Electric and Hydrogen aeroplanes - feasibility and issues

"A lot of things have been written off in the past but times and technologies change. I can remember so called experts claiming video calls were impossible too. "

I'm still waiting for the anti-gravity and time machines.
 
A leaking gasoline tank is a lot more dangerous than a leaking hydrogen tank.

Hydrogen, unlike gasoline, methane and pretty much everything else, will leak out of a closed container by permeating right through the tank walls.
 
Another disadvantage of hydrogen is that currently the cheapest production method involves "cracking" petro-chemicals. We really need a more efficient method of electrolysis to make it economical.
 
Another disadvantage of hydrogen is that currently the cheapest production method involves "cracking" petro-chemicals. We really need a more efficient method of electrolysis to make it economical.

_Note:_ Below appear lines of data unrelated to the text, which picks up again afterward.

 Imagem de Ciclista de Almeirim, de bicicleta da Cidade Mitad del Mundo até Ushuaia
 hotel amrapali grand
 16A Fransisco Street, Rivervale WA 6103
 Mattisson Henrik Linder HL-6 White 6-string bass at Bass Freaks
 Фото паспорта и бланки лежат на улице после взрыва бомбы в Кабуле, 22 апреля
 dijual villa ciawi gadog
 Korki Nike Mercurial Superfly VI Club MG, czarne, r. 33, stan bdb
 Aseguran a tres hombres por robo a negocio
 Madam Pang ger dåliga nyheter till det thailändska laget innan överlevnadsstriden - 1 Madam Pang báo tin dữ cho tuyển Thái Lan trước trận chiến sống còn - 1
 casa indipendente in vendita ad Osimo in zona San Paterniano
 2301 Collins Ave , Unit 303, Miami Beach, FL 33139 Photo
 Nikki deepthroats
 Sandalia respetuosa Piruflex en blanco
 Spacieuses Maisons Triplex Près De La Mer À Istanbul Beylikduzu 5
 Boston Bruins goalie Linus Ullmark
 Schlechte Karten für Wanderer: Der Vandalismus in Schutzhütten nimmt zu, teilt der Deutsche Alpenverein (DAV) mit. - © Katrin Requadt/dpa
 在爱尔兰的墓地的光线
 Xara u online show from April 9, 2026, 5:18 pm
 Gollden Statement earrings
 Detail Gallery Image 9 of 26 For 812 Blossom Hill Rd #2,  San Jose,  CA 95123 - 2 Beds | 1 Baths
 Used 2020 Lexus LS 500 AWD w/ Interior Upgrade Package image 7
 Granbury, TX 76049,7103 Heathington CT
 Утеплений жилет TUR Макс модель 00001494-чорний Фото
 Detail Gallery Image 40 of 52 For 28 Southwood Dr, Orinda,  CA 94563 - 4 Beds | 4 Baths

Density is horrible, 2.5 less than all you mentionned. Making wing tanks impossible and thus LH2 has to go in the fuselage. Uncomfortably close from the passenger cabin. With below characteristics...
Temperature is horrible, - 270°C to keep hydrogen liquid.
Boiloff is a huge PITA
And the non negligible risks of explosion if too much gaseous hydrogen in the near atmosphere.
...
REL process for ammonia aircraft looks much less risky if only because NH3 properties are so much closer from Jet-A.
 
I shudder at the thought of 10 000+ hydrogen cars per day on my town motorway - Bordeaux, which is on the top three french cities for both traffic and arseholes lunatic drivers - only behind Marseille and Paris...
Electric hybrid methanol or ammonia cars, maybe, but LH2 ? Over my dead body !
 
A leaking gasoline tank is a lot more dangerous than a leaking hydrogen tank. Gasoline tends to pool underneath the car and vapors can easily mix with the air, which is why its used in the movie industry for all those nice Michael Bay explosions. Hydrogen being lighter than air will rise and tends to diffuse making it hard to reach the right concentrations to explode. Also a hydrogen fireball will rise as seen in the Hindenburg disaster (which saved a lot of the passengers and crew) while a gasoline fireball will stick close to the ground. As far as safety goes, I'll take a hydrogen car over a gasoline car any day.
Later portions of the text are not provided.